El-Qaradawi also defended the Palestinian attacks as a response to the Israeli policy of assassinating Palestinian leaders. He said that Hamas's recent operations were a reaction to Israel's assassination of Hamas leader Mahmoud Abu Hannoud. Many Arab commentators suggested that Israeli Prime Minister Ariel Sharon had tried to provoke Hamas to launch an operation to derail US attempts to pressure Israel to resume peace talks with Palestinian President Yasser Arafat
El-Qaradawi spoke out against attacks of the sort that occurred on 11 September, saying that they contravened Islamic teachings.
"There is a stark contrast between the two attacks [in Israel and the US]. The goal of those who carried out the first attacks [in Israel] was the liberation of their homeland and their means for the attacks was their own bodies. The attacks on the US had as their aim terrorising others and the means of those who carried out the acts were the bodies of others."
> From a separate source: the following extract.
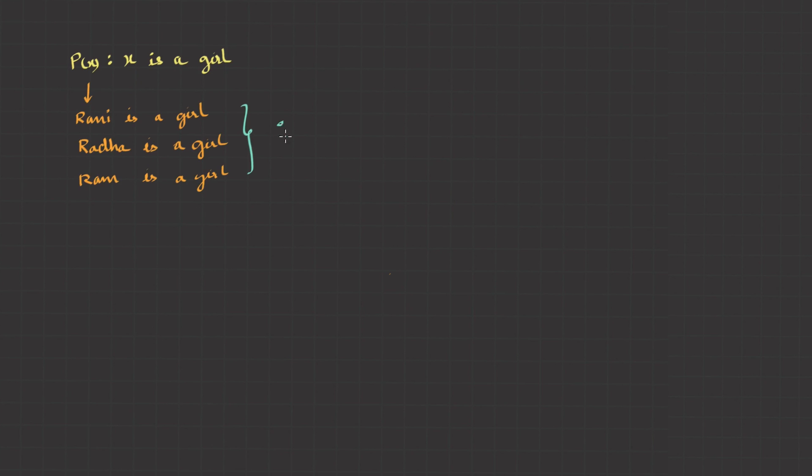These are instances or predicate statements, which can be assigned with a truth value. But a predicate function is an open statement, so we cannot assign any truth value.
Tantawi of Al-Azhar was not the only renowned Muslim scholar to criticise Hamas's attacks last week. Sheikh Mohamed Bin Abdullah Al-Sabil, the imam of Islam's holiest mosque, the Al- Haram Al-Sharif Mosque in Mecca, said that Islam was totally against aggression on "people of the book," the term used in Islamic literature for Christians and Jews. "Those who try to harm unarmed civilians do not understand Shari'a," said Al-Sabil. Although Al-Sabil did not specifically mention the attacks in Israel, the timing of his statements made the connection clear for observers.
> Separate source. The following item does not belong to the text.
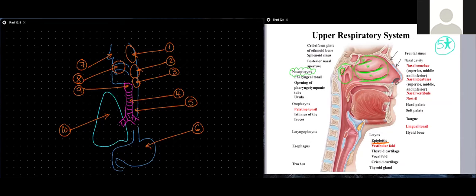We saw lymphoid tissue located in the nasopharynx — this is the pharyngeal tonsil — and we saw the opening of the Eustachian tube, or pharyngotympanic tube, which equalizes pressure on both sides of the tympanic membrane so it can move freely to respond to sounds. Below the nasopharynx we have the oropharynx, which is the part of the pharynx located behind the oral cavity.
Other commentators in the Arab press criticised the timing of statements made by the government-appointed Tantawi and Al-Sabil as they coincided with the US campaign against Palestinian groups such as Hamas and the Lebanese group Hizbullah labelling them as terrorists. The Bush administration has also frozen the assets of several Islamic funds in the United States on the pretext that they have links to the groups in Palestine and Lebanon. Thus accusations were rife that the fatwas came as a result of American pressure on Egypt and Saudi Arabia, which enjoy friendly relations with the US, to denounce the attacks as terrorist.
Abdel-Bari Atwan, Palestinian editor- in-chief of Al-Quds newspaper, condemned the fatwas by Tantawi and Al- Sabil, charging that the scholars issued them under "explicit instructions by their governments who are intimidated by the US and will do anything to deny the charge of extremism or harbouring terrorists."
However, El-Qaradawi disagreed with the accusations levelled against Tantawi and Al-Sabil, saying he believed that the fatwas were an expression of personal opinions. "The fact that the Mufti of Egypt [Sheikh Nasr Farid Wassel] issued a statement contradicting Tantawi is a clear signal that the statements were not dictated by the state, but an expression of the scholars' individual opinions."
Similar to El-Qaradawi's comments, Sheikh Wassel said in statements over the weekend that "the martyrdom operations that Palestinians have been carrying out are aimed at putting an end to injustice, defending Islam's holy sites and preserving the dignity of the Arab nation. Thus, they are legitimate." He added, "Jihad and the defence of the homeland and Islam's holy sites are a commitment that every Muslim honours more than ever in Palestine."
Wassel denounced the US's "double- standards" in its Middle East policy, saying that it had "transformed acts of resistance by Palestinians into acts of terrorism."
Palestinians are caught in the middle of such controversy. Sheikh Mohamed Hussein, a high-ranking official on the supreme Muslim council in Jerusalem, urged Muslim scholars to issue a collective fatwa on the matter rather than individual statements. "Muslim scholars have to study the matter from all sides and they should consider Palestinians as prisoners [of an occupation]."
Hussein told Al-Ahram Weekly that unless scholars take into consideration the fact that the Palestinian people are the victims of a vicious war and oppression, "their fatwas will be misleading."